◆ Material shown ◆
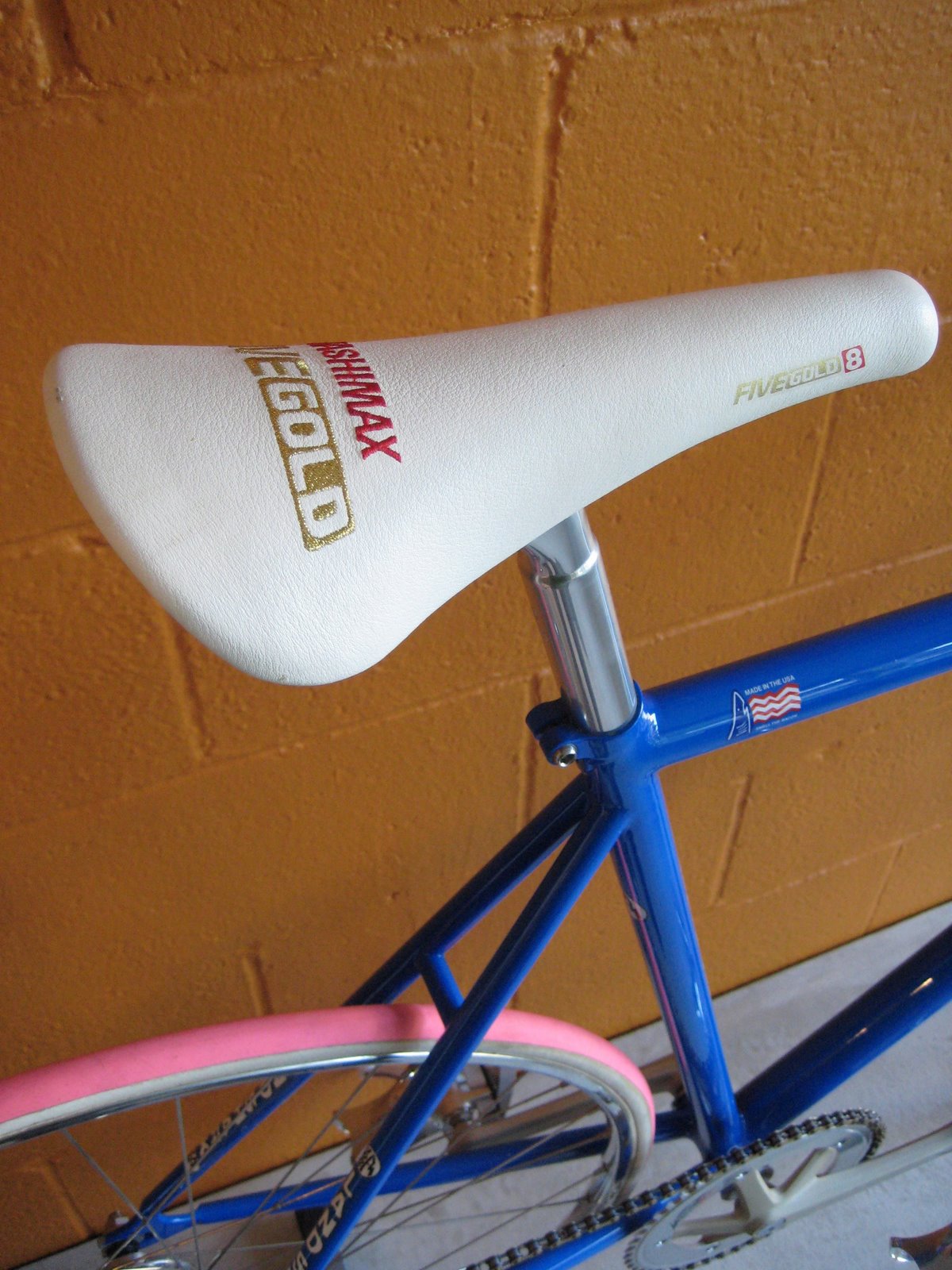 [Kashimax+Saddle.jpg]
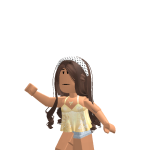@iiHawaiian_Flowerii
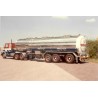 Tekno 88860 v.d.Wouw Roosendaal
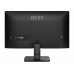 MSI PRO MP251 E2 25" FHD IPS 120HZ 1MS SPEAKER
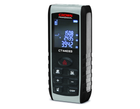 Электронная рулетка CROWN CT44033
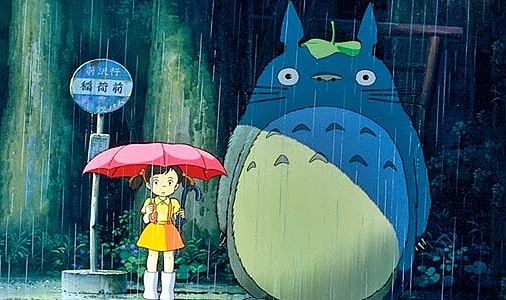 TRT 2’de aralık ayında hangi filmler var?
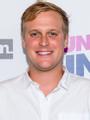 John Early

--

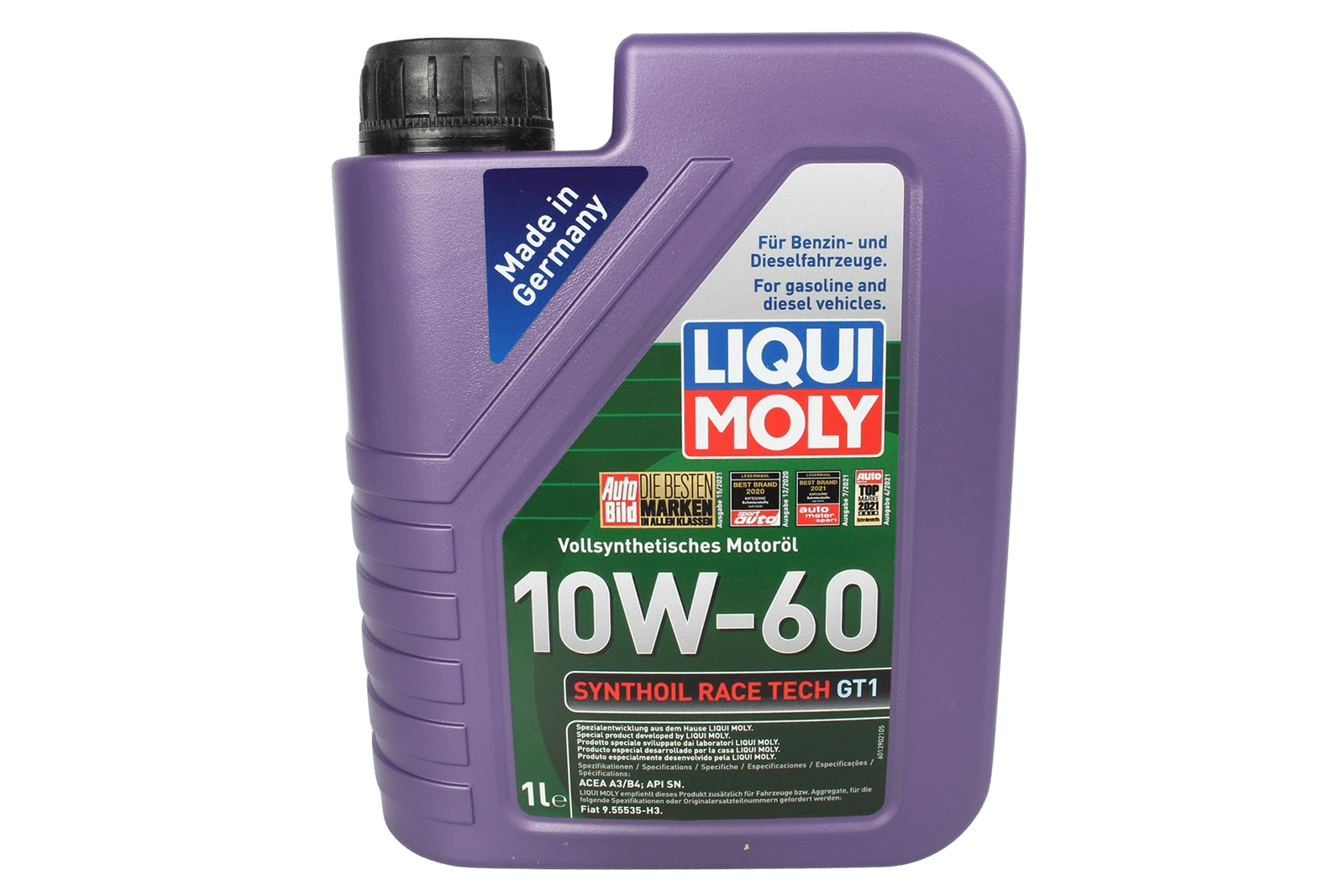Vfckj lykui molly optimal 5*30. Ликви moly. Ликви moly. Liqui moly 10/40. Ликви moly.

...

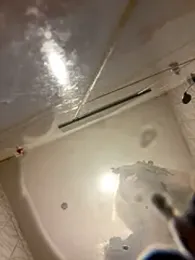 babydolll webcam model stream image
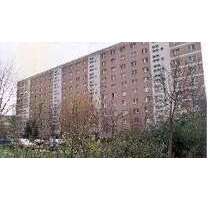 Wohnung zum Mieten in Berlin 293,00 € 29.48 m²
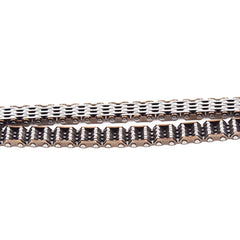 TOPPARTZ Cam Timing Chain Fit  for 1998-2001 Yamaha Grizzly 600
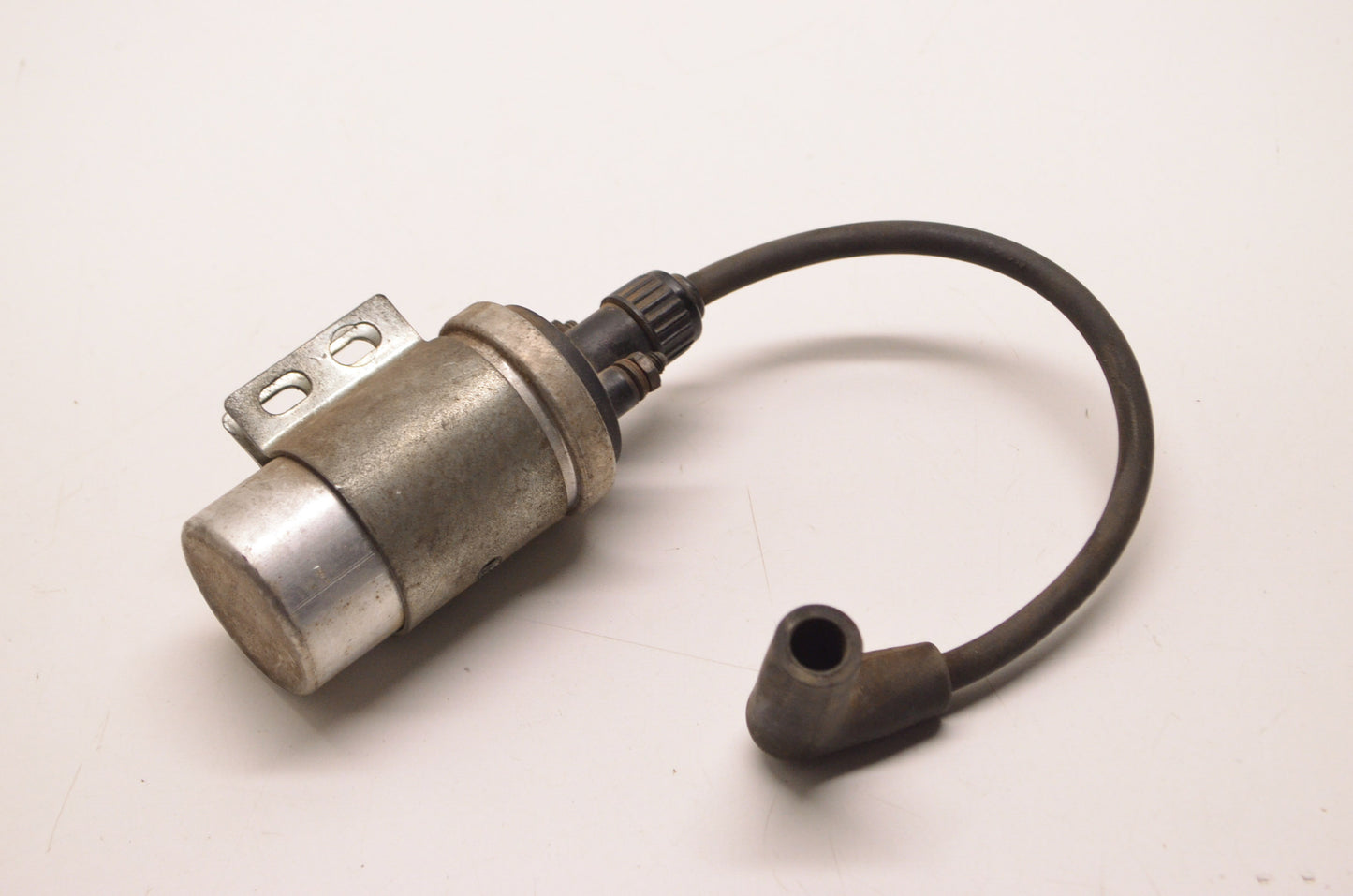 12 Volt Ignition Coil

◆ Problem to solve ◆
Taking the entries above, copy word for word the lines from the one with "Wohnung zum Mieten" up to and including the one with "12 Volt Ignition Coil", without any picture.

◆ Reply ◆
 Wohnung zum Mieten in Berlin 293,00 € 29.48 m²
 TOPPARTZ Cam Timing Chain Fit  for 1998-2001 Yamaha Grizzly 600
 12 Volt Ignition Coil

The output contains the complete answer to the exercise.